The attached proof of concept patch greatly improves the bloat for both the insert and the update cases. You need to turn on both features: adding the pages to fsm, and vacuuming the fsm, to get the benefit (so JJ_GIN=3). The first of those two things could probably be adopted for real, but the second probably is not acceptable. What is the right way to do this? Could a variant of RecordFreeIndexPage bubble the free space up `the map immediately rather than waiting for a vacuum? It would only have to move up until it found a page with freespace already recorded in it, which the vast majority of the time would mean observing up one level and then not writing to it, assuming the pending list pages remain well clustered.
You make a good case for action here since insert only tables with GIN indexes on text are a common use case for GIN.
Why would vacuuming the FSM be unacceptable? With a large gin_pending_list_limit it makes sense.

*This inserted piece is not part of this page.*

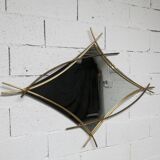 Sculptural mirror with two-tone gilded arches, France, 1970s, 95 x 133 cm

But with a smallish gin_pending_list_limit (like the default 4MB) this could be called a lot (multiple times a second during some spurts), and would read the entire fsm each time.

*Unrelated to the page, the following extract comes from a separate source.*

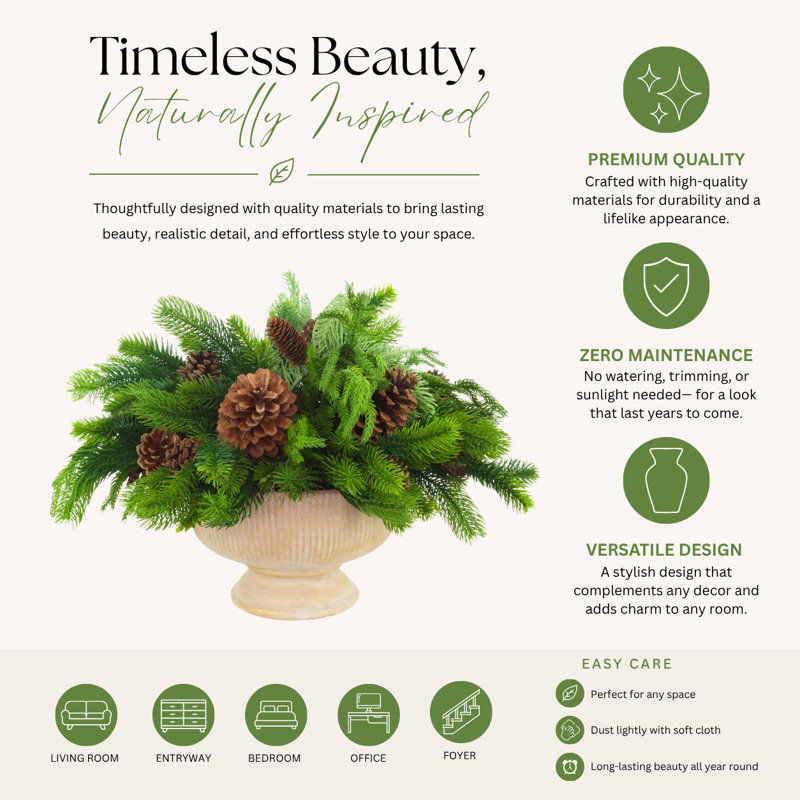 Evergreen Centerpiece with Pinecones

If it is unacceptable, perhaps we can avoid calling it every time, or simply have FreeSpaceMapVacuum() terminate more quickly on some kind of 80/20 heuristic for this case.
Or maybe it could be passed a range of blocks which need vacuuming, so it concentrated on that range.
But from the README file, it sounds like it is already supposed to be bubbling up. I'll have to see just whats going on there when I get a chance.
Before making changes to the FSM code to make immediate summarization possible, I decided to quantify the effect of vacuuming the entire fsm. Going up to 5 GB of index size, the time taken to vacuum the entire FSM one time for each GIN_NDELETE_AT_ONCE was undetectable.
Based on that, I made this patch which vacuums it one time per completed ginInsertCleanup, which should be far less than once per GIN_NDELETE_AT_ONCE.
I would be interested in hearing what people with very large GIN indexes think of it. It does seem like at some point the time needed must become large, but from what I can tell that point is way beyond what someone is likely to have for an index on an unpartitioned table.
I have a simple test case that inserts an array of 101 md5 digests into each row. With 10_000 of these rows inserted into an already indexed table, I get 40MB for the table and 80MB for the index unpatched. With the patch, I get 7.3 MB for the index.